Our Dear-Bought Liberty
An Alpheus T. Mason Lecture on Constitutional Law and Political Thought: The Quest for Freedom
Michael D. Breidenbach, Associate Professor of History at Ave Maria University
Our Dear-Bought Liberty is the history of how early American Catholics justified secularism and overcame suspicions of disloyalty, transforming ideas of religious liberty in the process.
In colonial America, Catholics were presumed dangerous until proven loyal. Yet Catholics went on to sign the Declaration of Independence and helped to finalize the First Amendment to the Constitution. What explains this remarkable transformation? Michael Breidenbach shows how Catholic leaders emphasized their church’s own traditions—rather than Enlightenment liberalism—to secure the religious liberty that enabled their incorporation in American life.

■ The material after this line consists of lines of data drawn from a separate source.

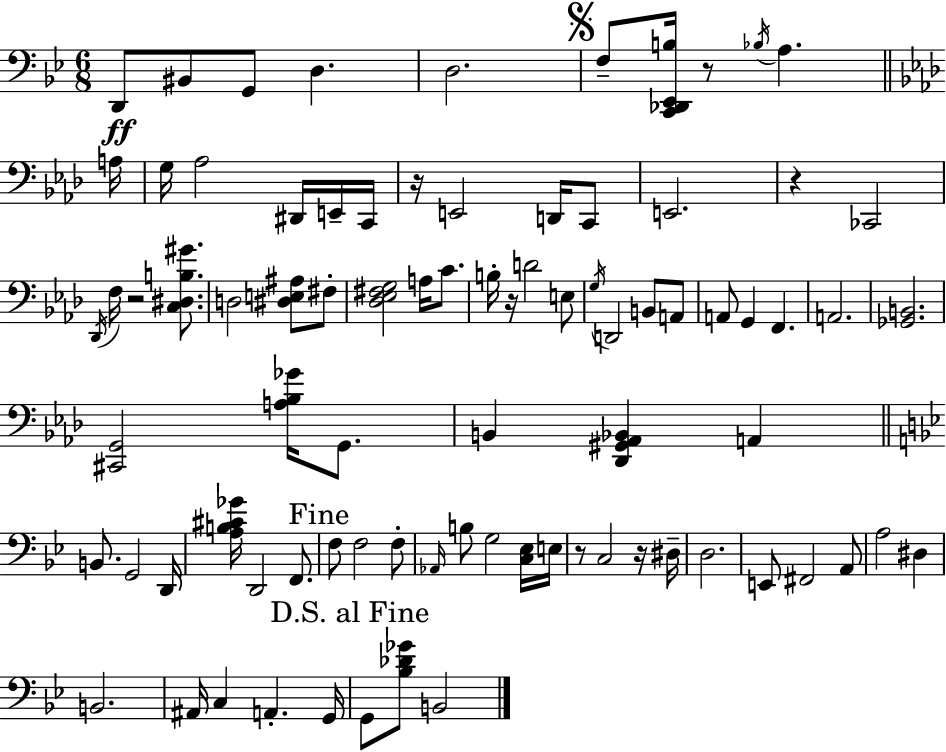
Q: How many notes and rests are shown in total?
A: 84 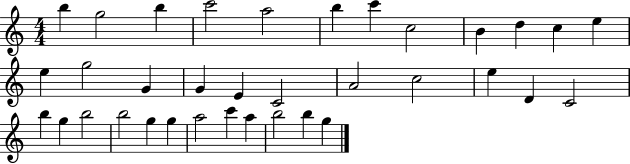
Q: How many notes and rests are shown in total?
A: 35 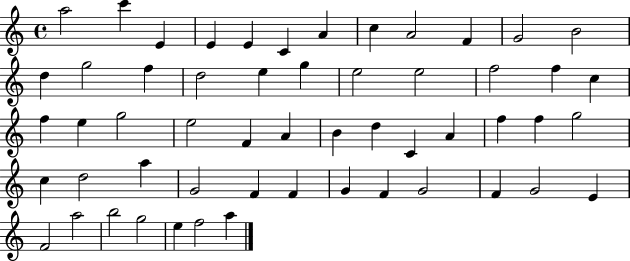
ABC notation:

X:1
T:Untitled
M:4/4
L:1/4
K:C
a2 c' E E E C A c A2 F G2 B2 d g2 f d2 e g e2 e2 f2 f c f e g2 e2 F A B d C A f f g2 c d2 a G2 F F G F G2 F G2 E F2 a2 b2 g2 e f2 a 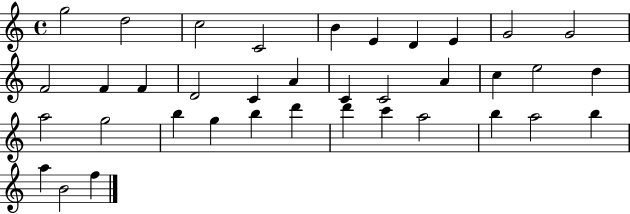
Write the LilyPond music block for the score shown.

{
  \clef treble
  \time 4/4
  \defaultTimeSignature
  \key c \major
  g''2 d''2 | c''2 c'2 | b'4 e'4 d'4 e'4 | g'2 g'2 | \break f'2 f'4 f'4 | d'2 c'4 a'4 | c'4 c'2 a'4 | c''4 e''2 d''4 | \break a''2 g''2 | b''4 g''4 b''4 d'''4 | d'''4 c'''4 a''2 | b''4 a''2 b''4 | \break a''4 b'2 f''4 | \bar "|."
} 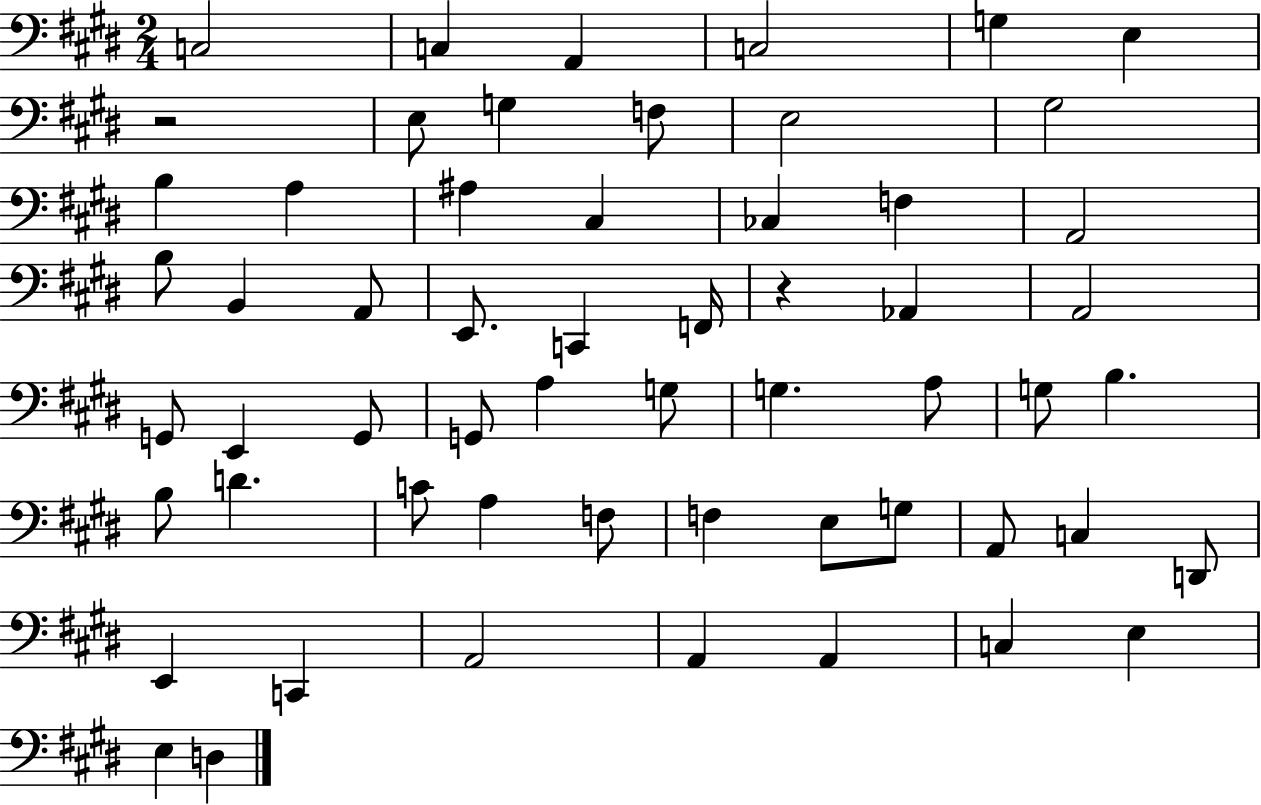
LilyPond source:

{
  \clef bass
  \numericTimeSignature
  \time 2/4
  \key e \major
  \repeat volta 2 { c2 | c4 a,4 | c2 | g4 e4 | \break r2 | e8 g4 f8 | e2 | gis2 | \break b4 a4 | ais4 cis4 | ces4 f4 | a,2 | \break b8 b,4 a,8 | e,8. c,4 f,16 | r4 aes,4 | a,2 | \break g,8 e,4 g,8 | g,8 a4 g8 | g4. a8 | g8 b4. | \break b8 d'4. | c'8 a4 f8 | f4 e8 g8 | a,8 c4 d,8 | \break e,4 c,4 | a,2 | a,4 a,4 | c4 e4 | \break e4 d4 | } \bar "|."
} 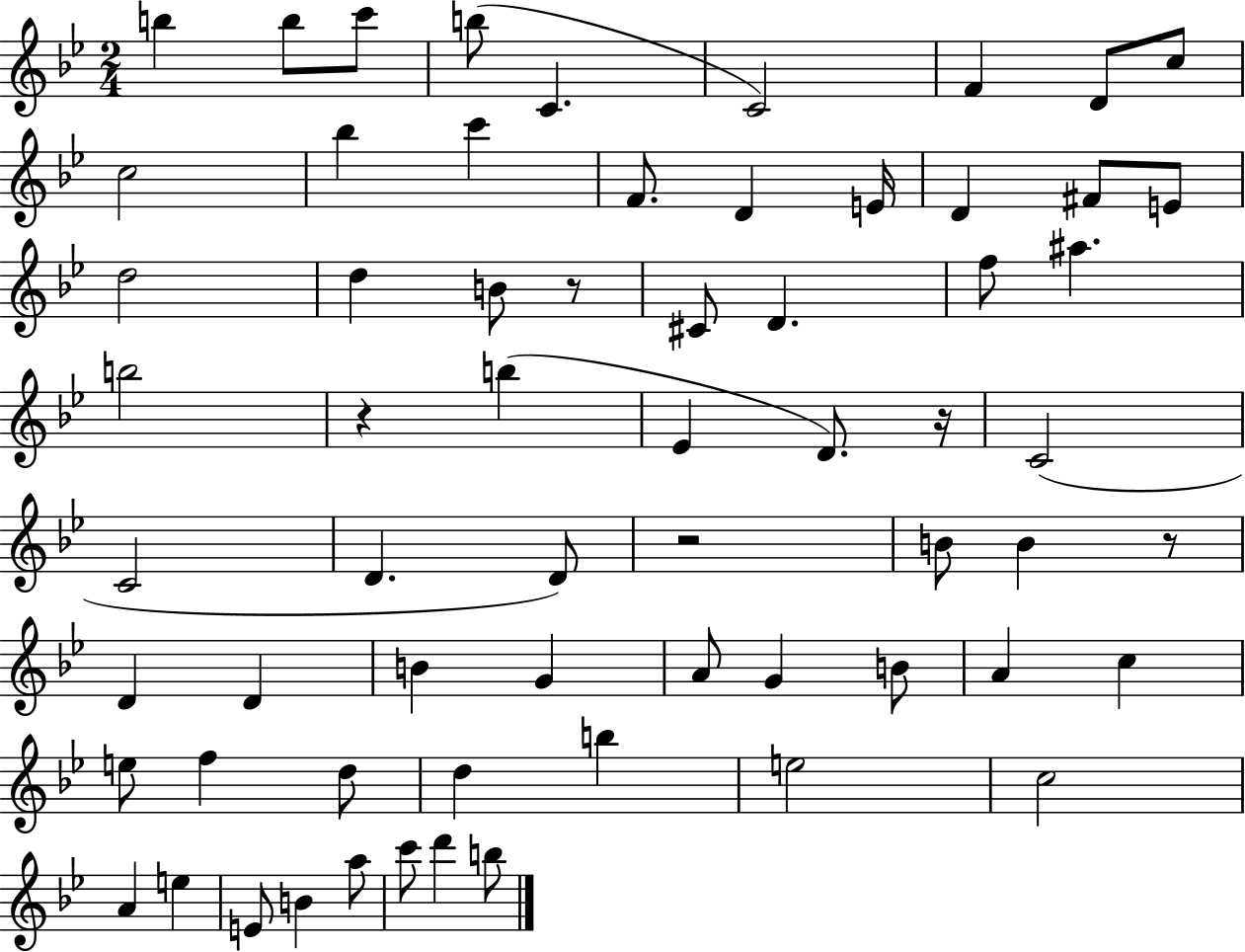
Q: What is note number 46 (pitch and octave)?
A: F5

Catholics responded to charges of disloyalty by denying papal infallibility and the pope’s authority to intervene in civil affairs. Rome staunchly rejected such dissent, but reform-minded Catholics justified their stance by looking to conciliarism, an intellectual tradition rooted in medieval Catholic thought yet compatible with a republican view of temporal independence and church–state separation. Drawing on new archival material, Breidenbach finds that early American Catholic leaders, including Maryland founder Cecil Calvert and members of the prominent Carroll family, relied on the conciliarist tradition to help institute religious toleration, including the Maryland Toleration Act of 1649.

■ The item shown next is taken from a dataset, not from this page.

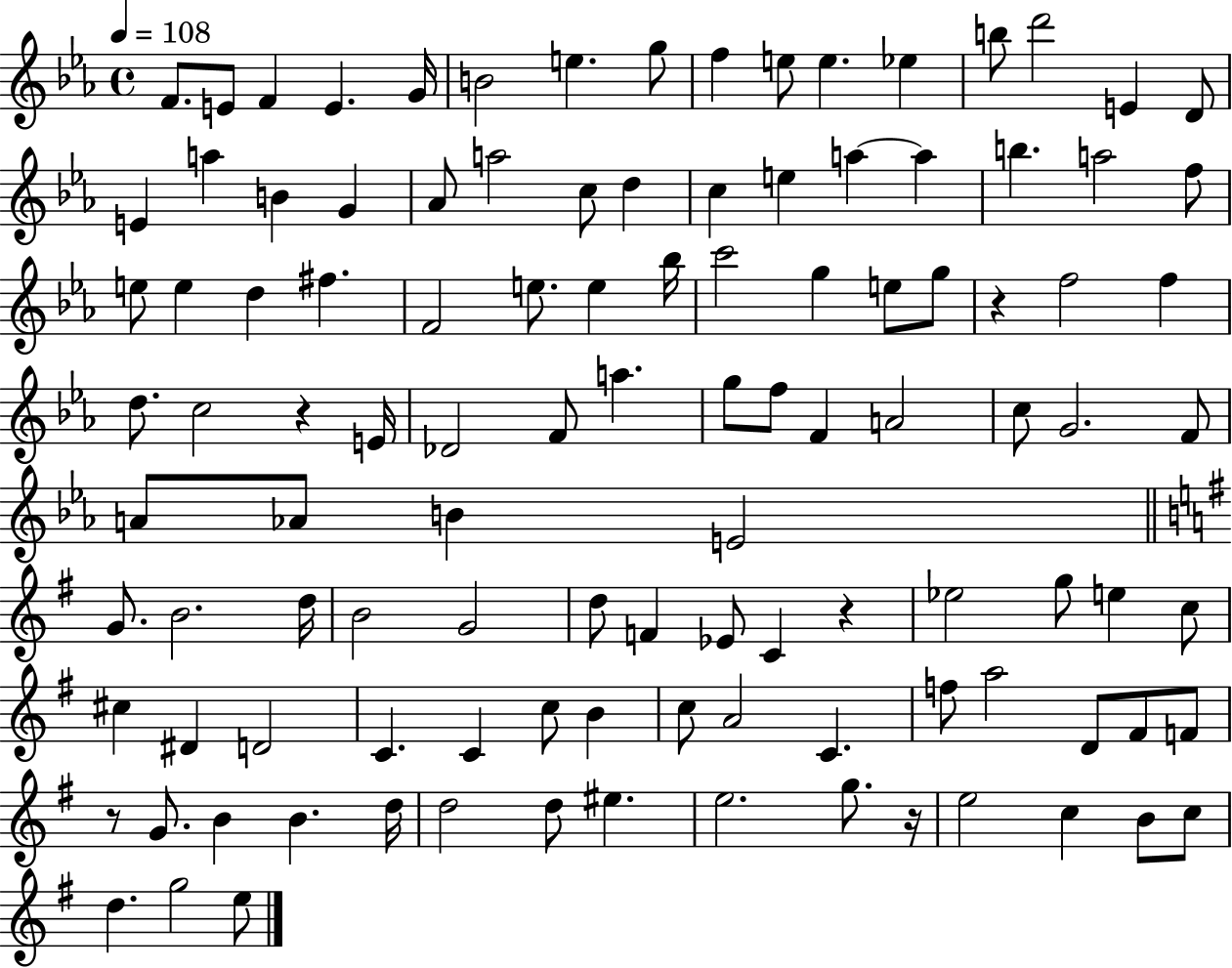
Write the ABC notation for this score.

The critical role of Catholics in establishing American church–state separation enjoins us to revise not only our sense of who the American founders were, but also our understanding of the sources of secularism. Church–state separation in America, generally understood as the product of a Protestant-driven Enlightenment, was in key respects derived from Catholic thinking. Our Dear-Bought Liberty therefore offers a dramatic departure from received wisdom, suggesting that religious liberty in America was not bestowed by liberal consensus but partly defined through the ingenuity of a persecuted minority.

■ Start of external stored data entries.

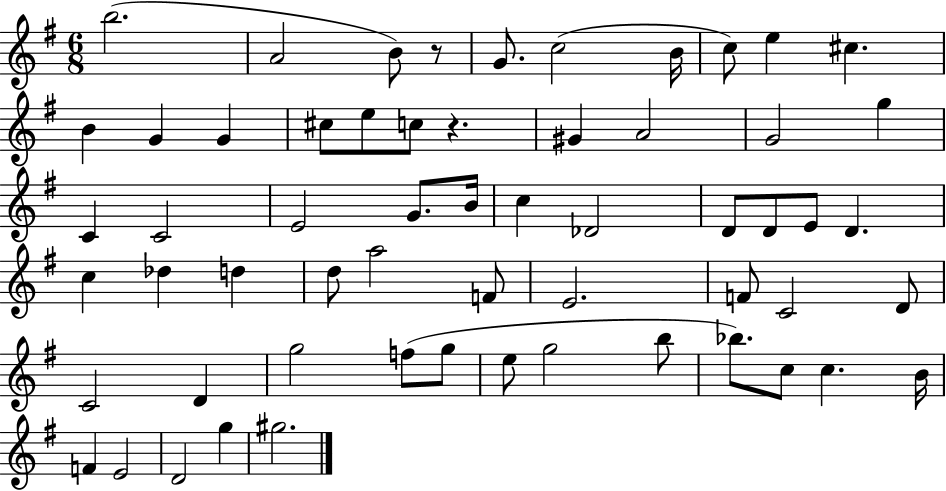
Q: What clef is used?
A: treble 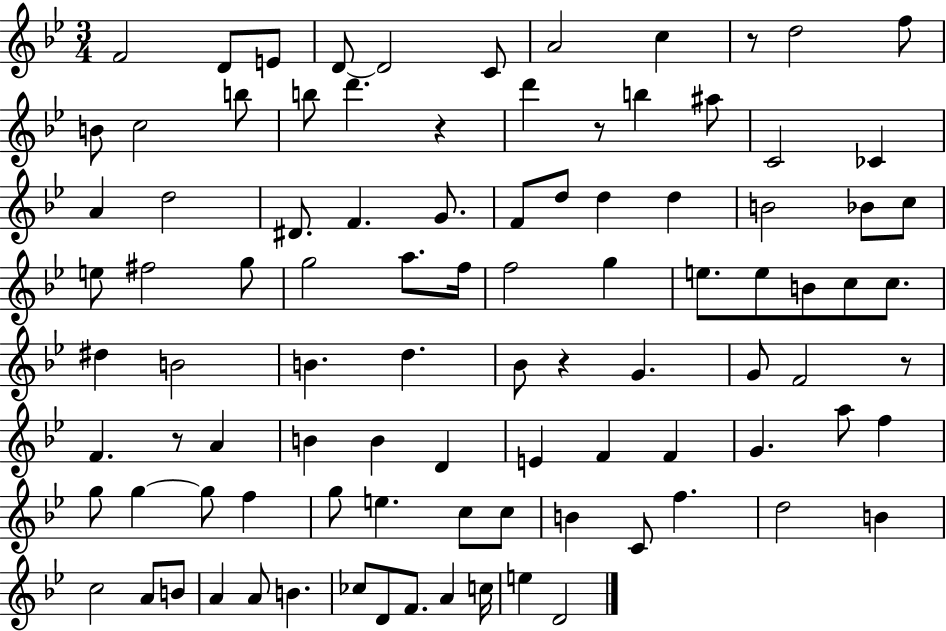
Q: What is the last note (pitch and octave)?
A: D4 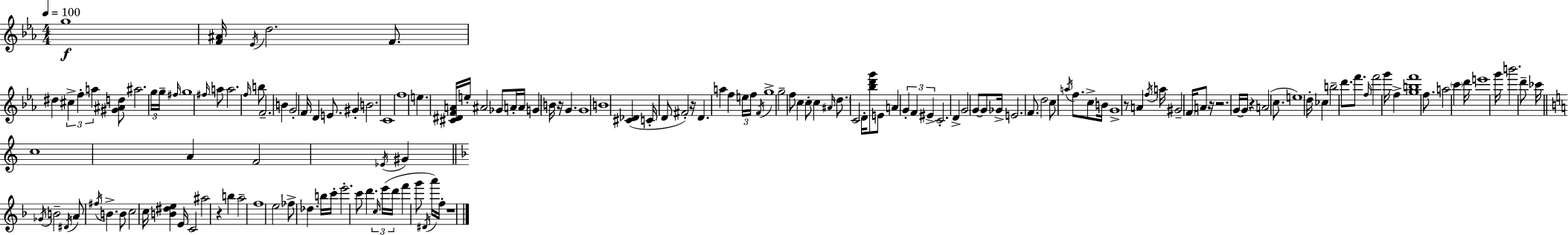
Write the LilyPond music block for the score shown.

{
  \clef treble
  \numericTimeSignature
  \time 4/4
  \key ees \major
  \tempo 4 = 100
  g''1\f | <f' ais'>16 \acciaccatura { ees'16 } d''2. f'8. | dis''4 \tuplet 3/2 { cis''4-> f''4-. a''4 } | <gis' ais' d''>8 ais''2. \tuplet 3/2 { g''16 | \break g''16-- \grace { fis''16 } } g''1 | \grace { fis''16 } a''8 a''2. | \grace { f''16 } b''8 f'2.-- | b'4 g'2-. f'16 d'4 | \break e'8. gis'4-. b'2. | c'1 | f''1 | e''4. <cis' dis' f' a'>16 e''16-. ais'2 | \break ges'8 a'16-. a'16 g'4 b'16 r16 g'4. | g'1 | b'1 | <cis' des'>4( c'16-. d'8 fis'2-.) | \break r16 d'4. a''4 f''4 | \tuplet 3/2 { e''16 f''16 \acciaccatura { f'16 } } g''1-> | g''2-- f''8 c''4 | c''8-. c''4 \grace { ais'16 } \parenthesize d''8. c'2 | \break d'16-. <bes'' d''' g'''>8 e'8 a'4 \tuplet 3/2 { g'4-. | f'4 eis'4-> } c'2.-. | d'4-> g'2 | g'8~~ g'8 ges'16-> e'2. | \break f'8. d''2 c''8 | \acciaccatura { a''16 } f''8. c''8-> b'16 g'1-> | r8 a'4 \acciaccatura { f''16 } a''16 gis'2-- | \parenthesize f'16 a'8 r16 r2. | \break g'16~~ g'16 r4 a'2( | c''8. e''1) | d''16-. ces''4 b''2-- | d'''8. f'''8. \grace { f''16 } f'''2 | \break g'''16 f''4-> <g'' b'' f'''>1 | f''8. a''2 | \parenthesize c'''4 d'''16 e'''1 | g'''16 b'''2. | \break d'''8-- ces'''16 \bar "||" \break \key c \major c''1 | a'4 f'2 \acciaccatura { ees'16 } gis'4 | \bar "||" \break \key d \minor \acciaccatura { ges'16 } b'2-- \acciaccatura { dis'16 } a'8 \acciaccatura { fis''16 } b'4.-> | b'8 c''2 c''16 <b' dis'' e''>4 | e'16 c'2 ais''2 | r4 b''4 a''2-- | \break f''1 | e''2 fes''8-> des''4. | b''16 c'''16-. e'''2.-. | c'''8 d'''4. \tuplet 3/2 { \grace { c''16 }( e'''16 d'''16 } f'''4 | \break g'''8 \acciaccatura { dis'16 }) a'''16 f''16-. r1 | \bar "|."
}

Michael D. Breidenbach is Associate Professor and Chair of History at Ave Maria University and Senior Affiliate for Legal Humanities at the Program for Research on Religion and Urban Civil Society at the University of Pennsylvania. He is the author of Our Dear-Bought Liberty: Catholics and Religious Toleration in Early America (Harvard University Press, 2021), and co-editor of The Cambridge Companion to the First Amendment and Religious Liberty (Cambridge University Press, 2020). He has also written for The Atlantic, Washington Post, and First Things. He has held research positions at Oxford, Cambridge, Villanova, and Penn. At Princeton, he was a Thomas W. Smith Postdoctoral Research Associate at the Madison Program and a Lecturer in History. He received his Ph.D. at King’s College, Cambridge.